Je vous le dis d'une façon catégorique, monsieur Bel : l'armée française, directement ou indirectement, n'intervient pas au Pakistan. Peut-être d'autres le font-ils - vous avez évoqué quelques hypothèses... -, mais pas l'armée française ! Sa mission se limite à l'Afghanistan et à l'application de la résolution 1386 du Conseil de sécurité des Nations unies. En aucun cas notre armée ne sort du mandat que nous tenons de cette résolution, et des territoires situés à l'est de Kaboul, mais très clairement à l'intérieur des frontières de l'Afghanistan.
En revanche, vous avez mille fois raison de dire que nous avons le devoir, sur le plan diplomatique, - mais ce dossier relève de la responsabilité de mon collègue Alain Juppé ! - d'aider le Pakistan à rétablir des relations apaisées avec la communauté internationale.
Je me garderai bien de porter un jugement sur les inquiétudes et les conflits qui traversent ce pays, mais nous savons bien que ceux-ci troublent la sérénité du sous-continent indien. Des conflits majeurs l'opposent en effet à son grand voisin, et l'on peut tout à fait supposer que les décisions prises par le Pakistan concernant son voisin de l'ouest sont conditionnées par les inquiétudes qu'il ressent à l'est. Le débat international est donc au coeur du sujet.
L'Afghanistan est l'un des éléments d'un système complexe, qui comprend la société afghane, dont j'ai parlé lors d'une réponse à un précédent orateur, et la situation particulière de ce pays, d'où sont parties les dynasties mogholes qui ont contrôlé l'Inde.
Vus de l'extérieur, il s'agit de pays différents. Lorsqu'on les connaît, la réalité s'avère être plus complexe. Vous avez donc raison, une réflexion diplomatique d'ensemble est nécessaire, mais celle-ci relève de la responsabilité du ministère des affaires étrangères, sous l'autorité du président de la République. C'est donc M. Juppé que vous devriez interroger sur ce sujet.
(...)
D'abord, Monsieur le Sénateur, vous avez eu raison d'évoquer les deux journalistes de France 3 enlevés en décembre 2009 dans l'exercice de leur mission et bloqués depuis.

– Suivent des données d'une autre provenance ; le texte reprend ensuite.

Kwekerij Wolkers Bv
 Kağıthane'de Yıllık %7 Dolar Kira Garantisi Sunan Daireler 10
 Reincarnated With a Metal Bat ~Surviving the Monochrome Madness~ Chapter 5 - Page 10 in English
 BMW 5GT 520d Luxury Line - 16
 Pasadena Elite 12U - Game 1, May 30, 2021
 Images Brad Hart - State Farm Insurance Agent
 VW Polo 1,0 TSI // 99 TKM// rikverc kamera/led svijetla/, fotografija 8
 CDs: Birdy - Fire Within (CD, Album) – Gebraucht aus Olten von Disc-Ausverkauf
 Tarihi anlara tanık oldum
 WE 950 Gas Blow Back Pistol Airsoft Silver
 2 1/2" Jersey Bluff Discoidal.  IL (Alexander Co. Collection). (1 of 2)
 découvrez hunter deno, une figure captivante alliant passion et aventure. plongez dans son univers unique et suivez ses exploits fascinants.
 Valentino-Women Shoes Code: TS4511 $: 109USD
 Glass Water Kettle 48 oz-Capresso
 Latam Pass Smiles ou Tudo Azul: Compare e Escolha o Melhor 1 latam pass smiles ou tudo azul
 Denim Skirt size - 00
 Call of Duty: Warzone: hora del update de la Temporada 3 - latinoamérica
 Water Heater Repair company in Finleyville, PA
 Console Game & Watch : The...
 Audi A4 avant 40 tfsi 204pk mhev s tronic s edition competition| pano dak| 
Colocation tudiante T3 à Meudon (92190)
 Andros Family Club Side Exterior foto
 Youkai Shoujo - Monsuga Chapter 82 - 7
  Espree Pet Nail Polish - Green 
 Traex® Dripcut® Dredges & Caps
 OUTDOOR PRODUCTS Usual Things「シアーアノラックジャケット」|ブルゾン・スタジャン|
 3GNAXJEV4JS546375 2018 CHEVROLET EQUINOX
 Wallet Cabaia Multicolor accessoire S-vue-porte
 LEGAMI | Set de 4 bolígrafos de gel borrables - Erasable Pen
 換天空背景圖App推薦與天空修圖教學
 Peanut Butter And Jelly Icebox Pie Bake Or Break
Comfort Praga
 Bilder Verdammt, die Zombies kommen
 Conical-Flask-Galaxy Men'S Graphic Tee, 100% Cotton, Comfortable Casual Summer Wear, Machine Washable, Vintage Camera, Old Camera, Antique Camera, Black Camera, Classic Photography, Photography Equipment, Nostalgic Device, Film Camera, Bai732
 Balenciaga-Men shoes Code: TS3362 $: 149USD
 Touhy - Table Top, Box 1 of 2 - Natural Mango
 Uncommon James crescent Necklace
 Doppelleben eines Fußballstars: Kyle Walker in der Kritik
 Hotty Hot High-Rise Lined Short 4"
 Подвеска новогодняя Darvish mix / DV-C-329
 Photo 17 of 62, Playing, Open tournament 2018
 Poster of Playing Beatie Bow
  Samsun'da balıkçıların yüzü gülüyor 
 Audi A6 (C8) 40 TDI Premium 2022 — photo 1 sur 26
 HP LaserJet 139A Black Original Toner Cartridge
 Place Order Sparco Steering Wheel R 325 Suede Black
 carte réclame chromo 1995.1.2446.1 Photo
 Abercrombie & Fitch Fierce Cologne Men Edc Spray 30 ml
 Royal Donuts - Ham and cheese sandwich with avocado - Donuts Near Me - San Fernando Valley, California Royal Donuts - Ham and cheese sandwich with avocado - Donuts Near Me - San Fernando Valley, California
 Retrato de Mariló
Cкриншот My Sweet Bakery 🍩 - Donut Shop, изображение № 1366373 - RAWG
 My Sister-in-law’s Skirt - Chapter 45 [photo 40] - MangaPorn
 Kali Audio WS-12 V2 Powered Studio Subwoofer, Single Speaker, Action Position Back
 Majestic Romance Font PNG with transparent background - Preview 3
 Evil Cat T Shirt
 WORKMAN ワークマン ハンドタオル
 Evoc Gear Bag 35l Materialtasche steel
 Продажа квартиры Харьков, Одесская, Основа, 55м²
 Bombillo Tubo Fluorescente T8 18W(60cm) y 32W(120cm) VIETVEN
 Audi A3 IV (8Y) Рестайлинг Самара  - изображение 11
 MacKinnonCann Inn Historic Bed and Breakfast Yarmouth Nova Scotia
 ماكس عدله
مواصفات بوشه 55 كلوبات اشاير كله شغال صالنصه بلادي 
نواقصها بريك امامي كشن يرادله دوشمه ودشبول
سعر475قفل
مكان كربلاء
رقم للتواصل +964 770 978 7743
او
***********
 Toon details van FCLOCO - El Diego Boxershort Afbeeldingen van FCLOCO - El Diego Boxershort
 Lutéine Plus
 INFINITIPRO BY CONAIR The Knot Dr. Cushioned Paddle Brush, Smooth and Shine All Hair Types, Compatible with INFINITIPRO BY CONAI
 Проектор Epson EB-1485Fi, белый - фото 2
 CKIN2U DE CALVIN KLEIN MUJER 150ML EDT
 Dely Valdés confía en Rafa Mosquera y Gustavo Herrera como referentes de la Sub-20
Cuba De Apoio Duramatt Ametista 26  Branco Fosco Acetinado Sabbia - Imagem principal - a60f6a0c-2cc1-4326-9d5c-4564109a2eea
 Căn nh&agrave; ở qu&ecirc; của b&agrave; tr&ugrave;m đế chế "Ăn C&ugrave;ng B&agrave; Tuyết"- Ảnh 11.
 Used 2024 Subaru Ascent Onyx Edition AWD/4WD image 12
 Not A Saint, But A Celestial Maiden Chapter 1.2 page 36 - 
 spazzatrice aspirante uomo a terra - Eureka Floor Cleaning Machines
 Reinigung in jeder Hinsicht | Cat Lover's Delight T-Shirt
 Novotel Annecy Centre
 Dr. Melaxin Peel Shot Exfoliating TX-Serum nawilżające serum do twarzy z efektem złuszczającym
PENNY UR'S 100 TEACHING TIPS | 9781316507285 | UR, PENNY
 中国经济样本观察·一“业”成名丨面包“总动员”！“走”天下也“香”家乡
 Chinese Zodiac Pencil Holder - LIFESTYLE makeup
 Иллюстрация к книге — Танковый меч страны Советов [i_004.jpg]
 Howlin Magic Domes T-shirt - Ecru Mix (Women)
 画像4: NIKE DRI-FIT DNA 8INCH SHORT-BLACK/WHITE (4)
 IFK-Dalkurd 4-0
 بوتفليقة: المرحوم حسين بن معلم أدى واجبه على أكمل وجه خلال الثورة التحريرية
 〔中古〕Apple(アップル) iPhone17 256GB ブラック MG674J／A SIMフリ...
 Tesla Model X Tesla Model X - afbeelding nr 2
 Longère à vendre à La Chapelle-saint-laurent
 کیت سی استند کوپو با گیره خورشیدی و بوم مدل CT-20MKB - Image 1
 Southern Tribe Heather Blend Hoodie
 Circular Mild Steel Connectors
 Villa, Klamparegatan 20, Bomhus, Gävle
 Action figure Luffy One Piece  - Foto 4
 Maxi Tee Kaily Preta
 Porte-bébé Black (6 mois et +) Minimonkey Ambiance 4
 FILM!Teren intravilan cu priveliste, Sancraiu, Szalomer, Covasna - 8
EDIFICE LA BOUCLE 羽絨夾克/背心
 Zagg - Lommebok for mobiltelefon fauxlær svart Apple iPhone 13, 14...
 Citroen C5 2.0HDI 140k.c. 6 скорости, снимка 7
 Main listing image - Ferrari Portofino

L'armée française avait tout fait pour qu'ils soient en mesure d'assurer leur mission en les faisant bénéficier de son soutien ; ils ont souhaité aller au-delà, avec un courage dont, très clairement, ils sont aujourd'hui les victimes.
Je m'incline devant ce courage qui est partagé par tous les journalistes qui font l'effort de venir en Afghanistan pour essayer de comprendre et d'expliquer.
J'ajoute que, toutes les semaines, un haut fonctionnaire permanent de la direction de la communication du ministère de la Défense est à la disposition des journalistes dans un point de presse au cours duquel il expose très clairement la situation des opérations sur le terrain et répond à l'ensemble des questions qui lui sont posées.
Très honnêtement, j'estime donc que l'armée fait son travail d'information sur la mission qu'elle assume pour le compte de la FIAS et celui de la communauté internationale.
Ensuite, s'agissant des hélicoptères Caracal déployés en Afghanistan, je dois avouer que ce sujet très précis ne m'est pas encore parfaitement familier, mais, s'il y avait eu à un moment une perspective d'exportation d'un appareil, elle n'a manifestement pas été suivie d'effet. La priorité est effectivement que le matériel soit disponible sur le théâtre des opérations. Je me dois donc de dire très clairement que le risque que vous avez évoqué n'est pas confirmé.